Work instruction =
Among the following entries, count the lines that contain "Easy" and report only the result.
─── Source information ───
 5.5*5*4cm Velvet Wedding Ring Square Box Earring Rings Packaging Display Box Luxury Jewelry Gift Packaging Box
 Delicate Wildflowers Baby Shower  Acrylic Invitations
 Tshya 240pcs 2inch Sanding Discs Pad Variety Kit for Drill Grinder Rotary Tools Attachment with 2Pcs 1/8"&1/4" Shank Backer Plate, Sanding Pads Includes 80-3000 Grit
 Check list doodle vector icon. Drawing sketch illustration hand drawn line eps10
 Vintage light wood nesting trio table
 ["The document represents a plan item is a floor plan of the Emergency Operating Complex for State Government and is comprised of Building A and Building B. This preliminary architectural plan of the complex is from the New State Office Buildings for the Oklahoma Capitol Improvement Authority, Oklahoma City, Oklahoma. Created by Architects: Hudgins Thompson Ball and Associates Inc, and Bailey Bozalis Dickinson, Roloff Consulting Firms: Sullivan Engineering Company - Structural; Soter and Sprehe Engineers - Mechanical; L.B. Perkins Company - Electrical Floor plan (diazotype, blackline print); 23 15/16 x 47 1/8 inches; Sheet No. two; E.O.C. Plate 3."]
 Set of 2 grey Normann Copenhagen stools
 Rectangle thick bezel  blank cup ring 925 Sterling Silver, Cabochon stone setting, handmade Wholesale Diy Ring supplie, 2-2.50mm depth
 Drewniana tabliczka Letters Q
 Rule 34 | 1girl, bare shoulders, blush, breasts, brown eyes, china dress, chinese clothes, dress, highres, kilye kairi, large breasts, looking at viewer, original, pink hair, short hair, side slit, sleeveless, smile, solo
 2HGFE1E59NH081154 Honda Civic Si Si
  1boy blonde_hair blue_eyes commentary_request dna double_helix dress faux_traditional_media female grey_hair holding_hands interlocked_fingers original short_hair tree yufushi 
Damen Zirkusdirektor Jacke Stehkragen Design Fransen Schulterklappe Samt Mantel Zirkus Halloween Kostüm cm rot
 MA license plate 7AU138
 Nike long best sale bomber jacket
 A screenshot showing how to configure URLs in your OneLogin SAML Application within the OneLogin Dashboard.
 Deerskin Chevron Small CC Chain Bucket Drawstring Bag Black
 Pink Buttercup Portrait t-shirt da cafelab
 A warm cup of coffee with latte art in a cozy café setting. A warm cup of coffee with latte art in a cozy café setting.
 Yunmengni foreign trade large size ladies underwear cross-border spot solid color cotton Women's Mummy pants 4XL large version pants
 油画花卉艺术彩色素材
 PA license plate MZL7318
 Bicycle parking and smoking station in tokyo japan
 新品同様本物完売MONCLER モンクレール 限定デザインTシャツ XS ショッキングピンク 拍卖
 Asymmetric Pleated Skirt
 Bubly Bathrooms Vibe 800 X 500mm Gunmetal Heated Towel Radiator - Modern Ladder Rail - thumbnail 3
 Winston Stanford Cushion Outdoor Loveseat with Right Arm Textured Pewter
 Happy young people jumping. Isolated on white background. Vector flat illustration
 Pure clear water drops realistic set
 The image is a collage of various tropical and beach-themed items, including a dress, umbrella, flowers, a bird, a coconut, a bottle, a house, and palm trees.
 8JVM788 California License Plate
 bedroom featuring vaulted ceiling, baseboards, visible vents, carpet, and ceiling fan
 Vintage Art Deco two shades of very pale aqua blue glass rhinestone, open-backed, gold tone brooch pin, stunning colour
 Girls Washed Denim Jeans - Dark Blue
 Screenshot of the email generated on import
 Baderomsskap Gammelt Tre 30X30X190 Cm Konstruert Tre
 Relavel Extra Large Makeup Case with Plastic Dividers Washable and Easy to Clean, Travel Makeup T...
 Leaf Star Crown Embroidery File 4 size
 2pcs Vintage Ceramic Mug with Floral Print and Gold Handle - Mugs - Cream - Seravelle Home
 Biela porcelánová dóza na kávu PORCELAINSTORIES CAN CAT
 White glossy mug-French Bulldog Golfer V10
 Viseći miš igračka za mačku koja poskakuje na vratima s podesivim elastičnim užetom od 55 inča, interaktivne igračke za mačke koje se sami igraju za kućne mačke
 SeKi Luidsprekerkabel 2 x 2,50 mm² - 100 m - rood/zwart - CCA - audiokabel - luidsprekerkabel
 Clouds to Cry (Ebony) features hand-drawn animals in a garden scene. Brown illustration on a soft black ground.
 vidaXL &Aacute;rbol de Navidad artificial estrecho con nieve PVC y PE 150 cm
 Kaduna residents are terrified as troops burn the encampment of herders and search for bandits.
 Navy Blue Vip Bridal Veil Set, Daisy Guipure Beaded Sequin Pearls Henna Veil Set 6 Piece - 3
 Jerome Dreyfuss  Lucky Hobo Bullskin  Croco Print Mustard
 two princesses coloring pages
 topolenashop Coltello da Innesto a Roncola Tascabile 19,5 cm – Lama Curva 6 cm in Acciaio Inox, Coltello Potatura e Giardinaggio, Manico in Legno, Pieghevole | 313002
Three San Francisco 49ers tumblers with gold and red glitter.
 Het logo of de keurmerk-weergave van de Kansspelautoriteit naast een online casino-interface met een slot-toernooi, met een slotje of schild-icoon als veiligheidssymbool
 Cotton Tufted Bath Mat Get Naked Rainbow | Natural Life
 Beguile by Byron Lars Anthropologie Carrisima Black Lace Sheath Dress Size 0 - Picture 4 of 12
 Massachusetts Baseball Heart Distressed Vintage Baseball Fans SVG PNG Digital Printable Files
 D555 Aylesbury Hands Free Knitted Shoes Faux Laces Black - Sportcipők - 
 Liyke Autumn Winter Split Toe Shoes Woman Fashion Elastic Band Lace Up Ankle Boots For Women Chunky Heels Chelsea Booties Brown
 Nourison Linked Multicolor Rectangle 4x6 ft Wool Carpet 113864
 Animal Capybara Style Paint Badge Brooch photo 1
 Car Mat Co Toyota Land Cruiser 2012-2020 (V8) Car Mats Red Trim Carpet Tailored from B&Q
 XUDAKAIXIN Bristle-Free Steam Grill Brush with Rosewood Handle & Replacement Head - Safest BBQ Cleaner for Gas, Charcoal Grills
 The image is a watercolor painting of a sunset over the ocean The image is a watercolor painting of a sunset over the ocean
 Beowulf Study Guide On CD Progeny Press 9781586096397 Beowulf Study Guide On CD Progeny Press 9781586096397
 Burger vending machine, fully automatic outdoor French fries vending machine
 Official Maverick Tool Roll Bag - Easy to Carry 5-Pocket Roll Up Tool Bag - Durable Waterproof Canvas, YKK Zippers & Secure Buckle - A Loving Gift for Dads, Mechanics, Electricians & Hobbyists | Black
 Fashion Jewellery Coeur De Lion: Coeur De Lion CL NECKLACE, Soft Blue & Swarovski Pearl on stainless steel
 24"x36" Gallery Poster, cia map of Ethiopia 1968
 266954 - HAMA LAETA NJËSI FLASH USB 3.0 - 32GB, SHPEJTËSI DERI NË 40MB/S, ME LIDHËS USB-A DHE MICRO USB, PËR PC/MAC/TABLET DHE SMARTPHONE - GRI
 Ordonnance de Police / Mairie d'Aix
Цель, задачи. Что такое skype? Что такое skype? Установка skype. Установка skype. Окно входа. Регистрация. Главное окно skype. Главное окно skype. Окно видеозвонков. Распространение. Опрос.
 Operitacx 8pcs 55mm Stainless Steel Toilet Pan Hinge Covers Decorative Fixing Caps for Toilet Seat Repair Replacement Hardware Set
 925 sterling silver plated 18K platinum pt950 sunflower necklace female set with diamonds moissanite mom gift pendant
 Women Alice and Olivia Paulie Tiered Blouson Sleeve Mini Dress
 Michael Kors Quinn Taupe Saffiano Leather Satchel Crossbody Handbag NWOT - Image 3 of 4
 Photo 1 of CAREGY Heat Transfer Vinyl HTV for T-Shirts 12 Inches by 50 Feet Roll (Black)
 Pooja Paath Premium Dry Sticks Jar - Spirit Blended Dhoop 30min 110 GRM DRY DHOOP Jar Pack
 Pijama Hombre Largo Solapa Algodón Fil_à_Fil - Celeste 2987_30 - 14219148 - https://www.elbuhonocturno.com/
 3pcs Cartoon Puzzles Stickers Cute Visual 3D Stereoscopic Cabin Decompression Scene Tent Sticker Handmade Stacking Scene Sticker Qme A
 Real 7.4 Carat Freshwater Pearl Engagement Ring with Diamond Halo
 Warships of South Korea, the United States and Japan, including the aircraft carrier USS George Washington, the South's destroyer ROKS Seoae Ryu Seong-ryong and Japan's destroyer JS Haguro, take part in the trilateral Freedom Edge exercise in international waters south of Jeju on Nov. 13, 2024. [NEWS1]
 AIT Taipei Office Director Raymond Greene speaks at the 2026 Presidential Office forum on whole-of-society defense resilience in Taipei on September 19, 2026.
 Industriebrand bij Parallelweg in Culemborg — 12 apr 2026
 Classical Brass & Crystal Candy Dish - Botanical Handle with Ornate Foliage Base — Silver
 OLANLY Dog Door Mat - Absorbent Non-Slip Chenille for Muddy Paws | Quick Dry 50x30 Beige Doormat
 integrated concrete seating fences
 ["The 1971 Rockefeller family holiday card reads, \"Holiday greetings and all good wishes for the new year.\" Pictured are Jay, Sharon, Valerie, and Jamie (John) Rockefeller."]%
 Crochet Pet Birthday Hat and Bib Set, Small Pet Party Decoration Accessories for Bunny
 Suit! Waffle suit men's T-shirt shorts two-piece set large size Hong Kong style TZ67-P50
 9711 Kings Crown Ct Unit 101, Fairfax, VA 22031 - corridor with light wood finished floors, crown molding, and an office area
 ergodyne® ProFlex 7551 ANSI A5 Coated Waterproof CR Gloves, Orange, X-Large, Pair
───
Task output =
2